» **What you should do**
Return every record below exactly; leave out the images.

» **Data records**

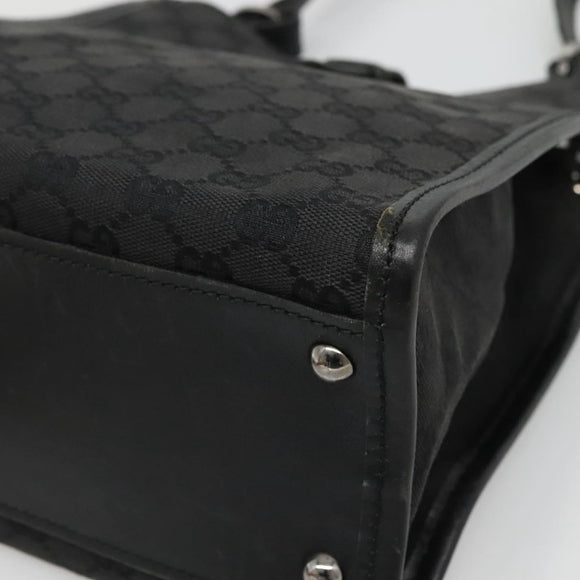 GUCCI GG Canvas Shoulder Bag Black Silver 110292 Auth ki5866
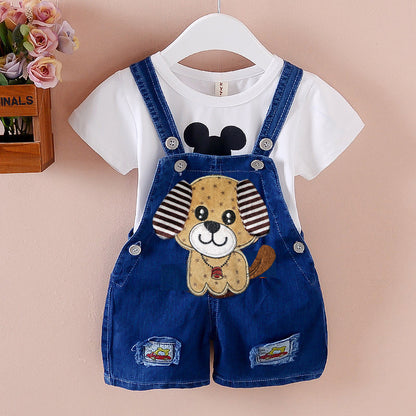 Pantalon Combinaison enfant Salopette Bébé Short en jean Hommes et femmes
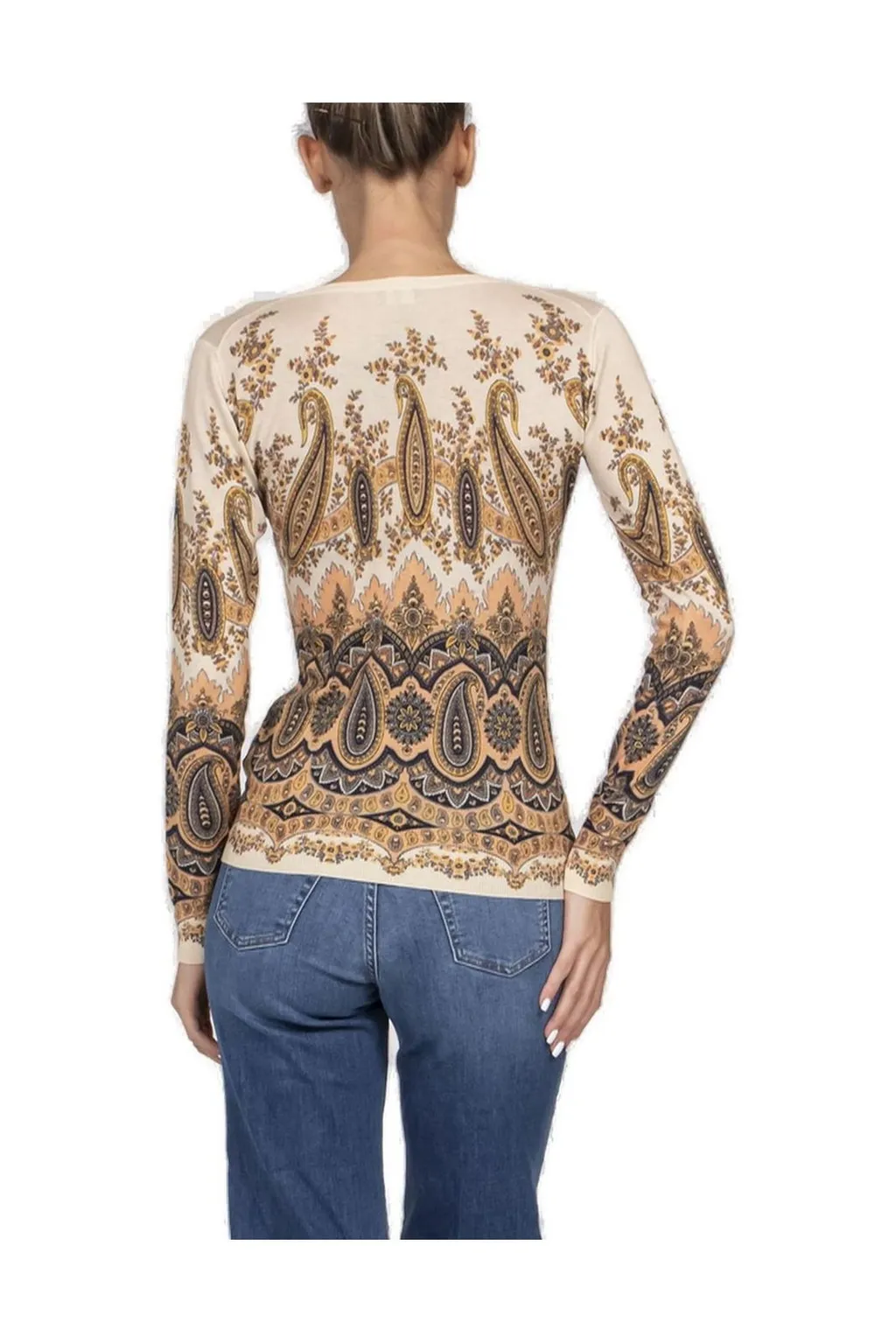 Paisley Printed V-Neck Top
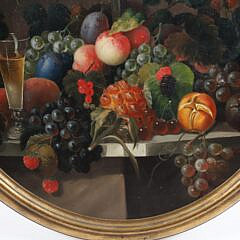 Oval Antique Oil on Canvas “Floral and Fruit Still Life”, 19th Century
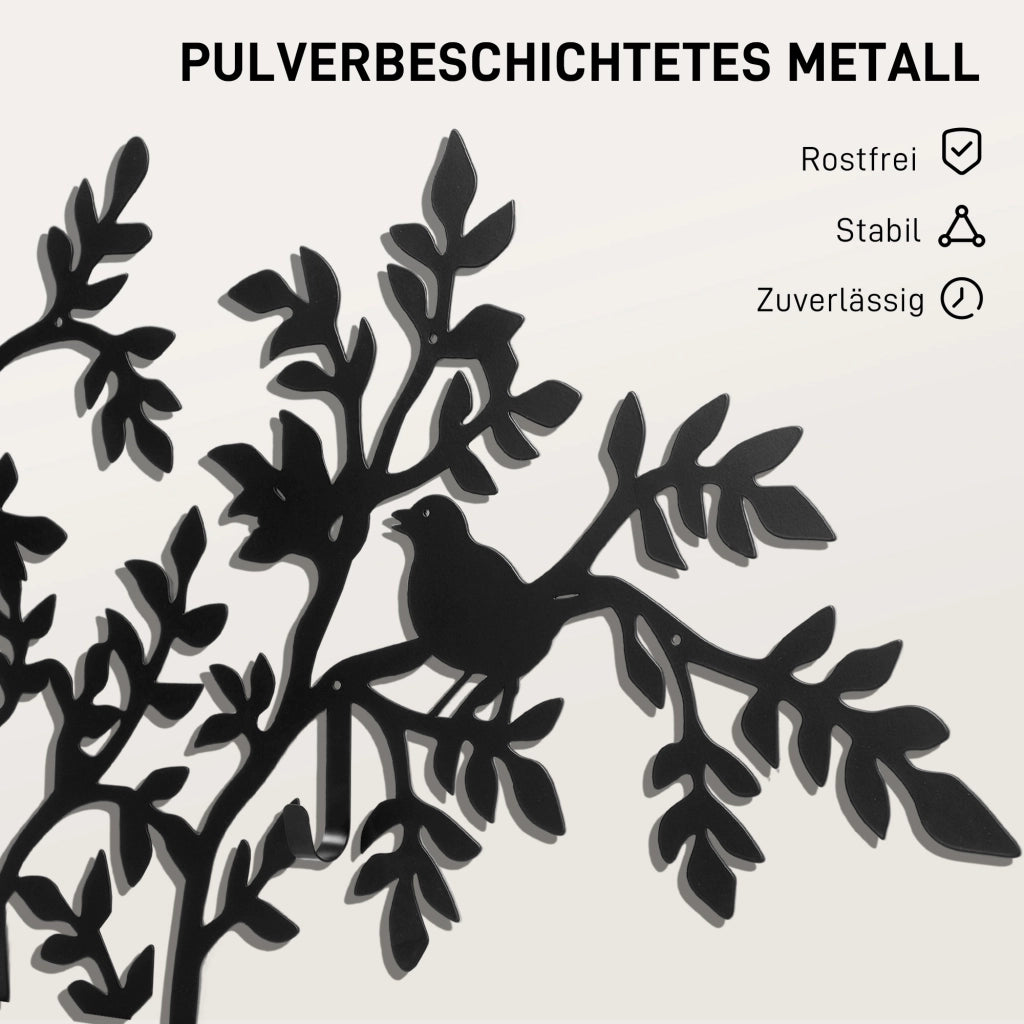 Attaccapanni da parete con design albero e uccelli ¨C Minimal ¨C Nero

» **Result**
 GUCCI GG Canvas Shoulder Bag Black Silver 110292 Auth ki5866
 Pantalon Combinaison enfant Salopette Bébé Short en jean Hommes et femmes
 Paisley Printed V-Neck Top
 Oval Antique Oil on Canvas “Floral and Fruit Still Life”, 19th Century
 Attaccapanni da parete con design albero e uccelli ¨C Minimal ¨C Nero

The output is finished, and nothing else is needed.